**Your instructions**
The required output is the lines from the one with "3 Vintage 2005" through the end of the data, repeated verbatim, with no pictures included.

**Dataset records**
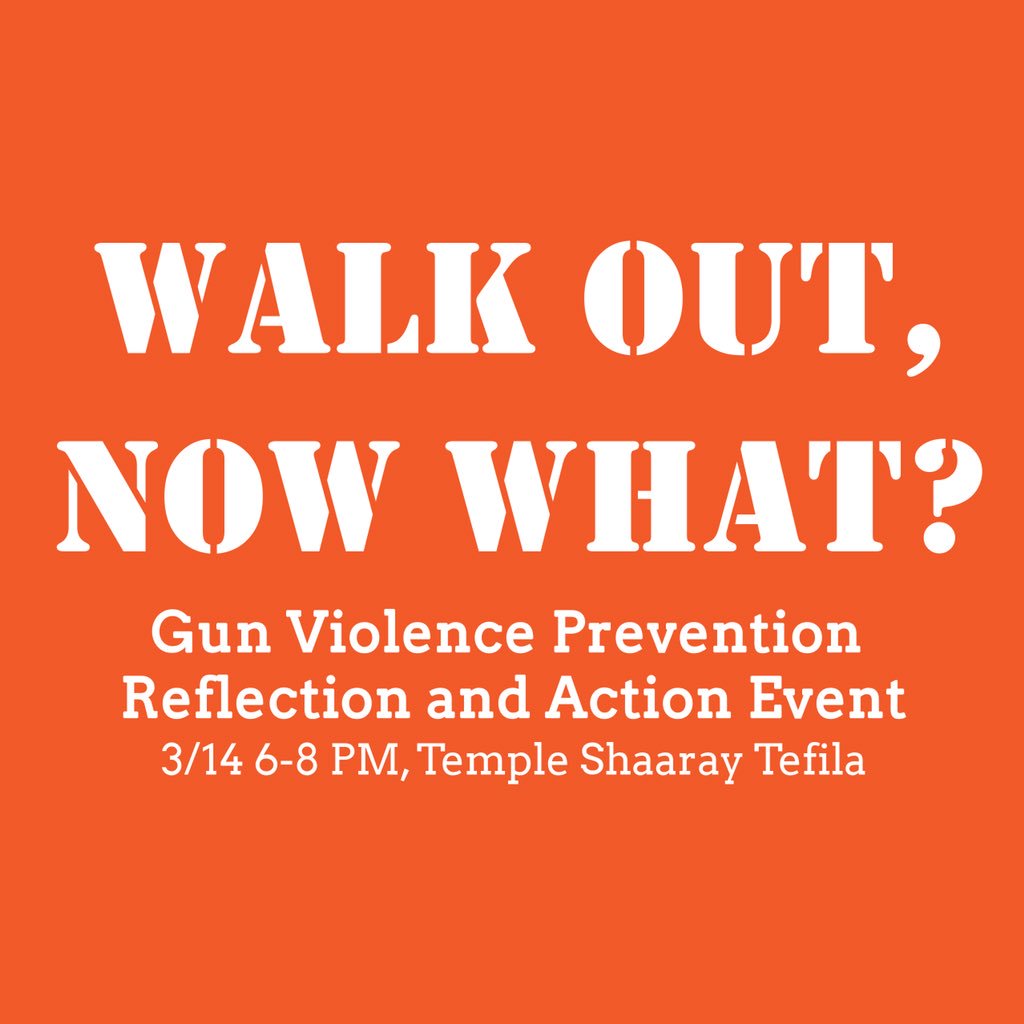 nftynarcvp's tweet photo. After the walkout on Wednesday, March 14th, Temple Shaaray T’Fila is hosting an amazing opportunity for anyone interested to share their thoughts and reflections on their experience and discuss where we as a community can move from here. https://t.co/uVc2gdGE6h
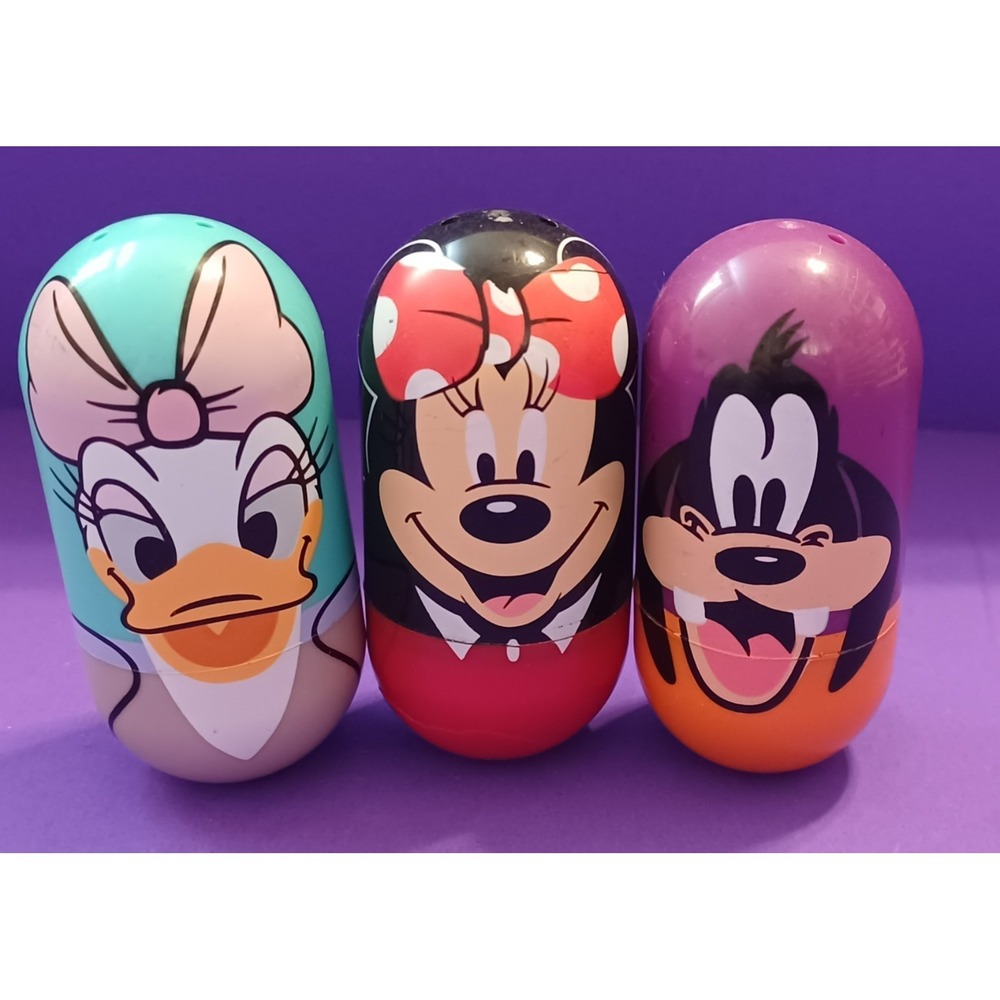 3 Vintage 2005 Kelloggs Disney Goofy #23 Daisy Duck #13 Minnie Mouse #33 Wobbler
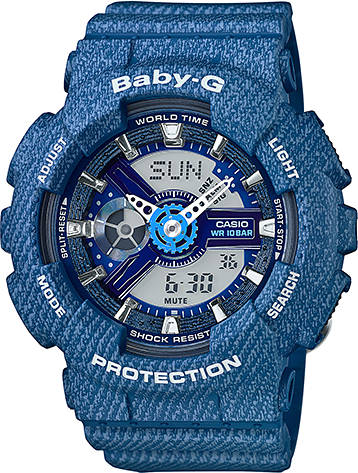 Casio Baby-G BA-110DC-2A2 Casio Baby-G BA-110DC-2A2Наручные часы<br>Японские часы Casio Baby-G BA-110DC-2A2<br><br>Пол: Женские<br>Страна-производитель: Япония<br>Механизм: Кварцевый<br>Материал корпуса: Пластик<br>Материал ремня/браслета: Каучук<br>Водозащита, диапазон: None<br>Стекло: Минеральное<br>Толщина корпуса: 15,8 мм<br>Стиль: None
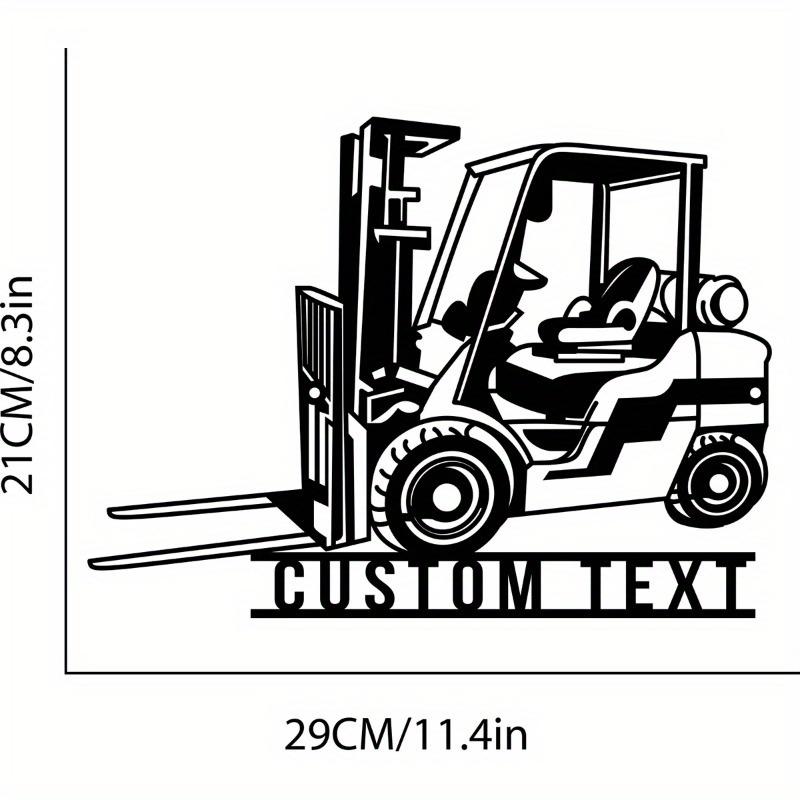 Custom Forklift Driver Metal Wall Art, Personalized Name Sign, Home & Warehouse Decor Gift for Lift Truck Enthusiasts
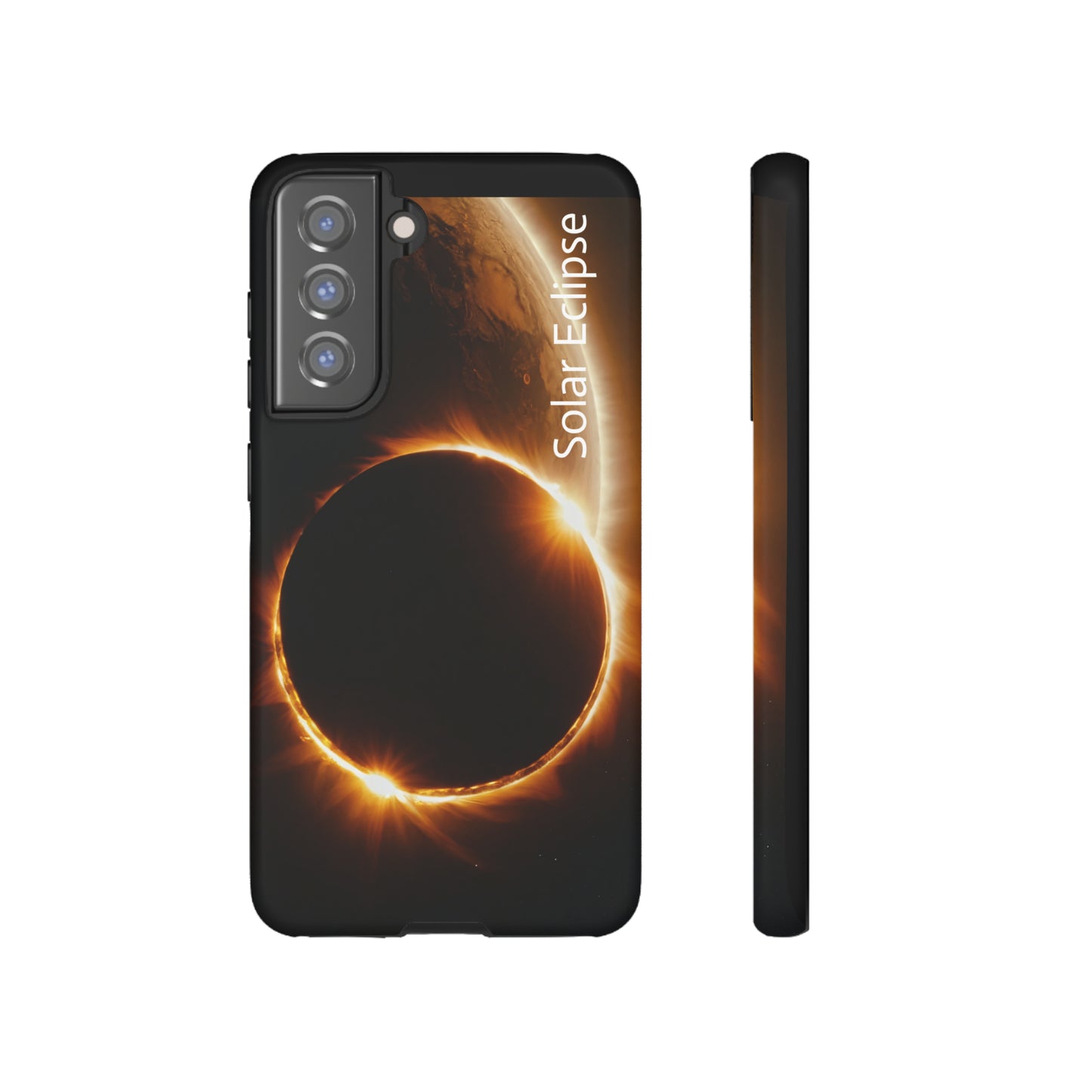 Solar Eclipse Phone Case: Protect Your Tech with Cosmic Style $39.99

**Task result**
 3 Vintage 2005 Kelloggs Disney Goofy #23 Daisy Duck #13 Minnie Mouse #33 Wobbler
 Casio Baby-G BA-110DC-2A2 Casio Baby-G BA-110DC-2A2Наручные часы<br>Японские часы Casio Baby-G BA-110DC-2A2<br><br>Пол: Женские<br>Страна-производитель: Япония<br>Механизм: Кварцевый<br>Материал корпуса: Пластик<br>Материал ремня/браслета: Каучук<br>Водозащита, диапазон: None<br>Стекло: Минеральное<br>Толщина корпуса: 15,8 мм<br>Стиль: None
 Custom Forklift Driver Metal Wall Art, Personalized Name Sign, Home & Warehouse Decor Gift for Lift Truck Enthusiasts
 Solar Eclipse Phone Case: Protect Your Tech with Cosmic Style $39.99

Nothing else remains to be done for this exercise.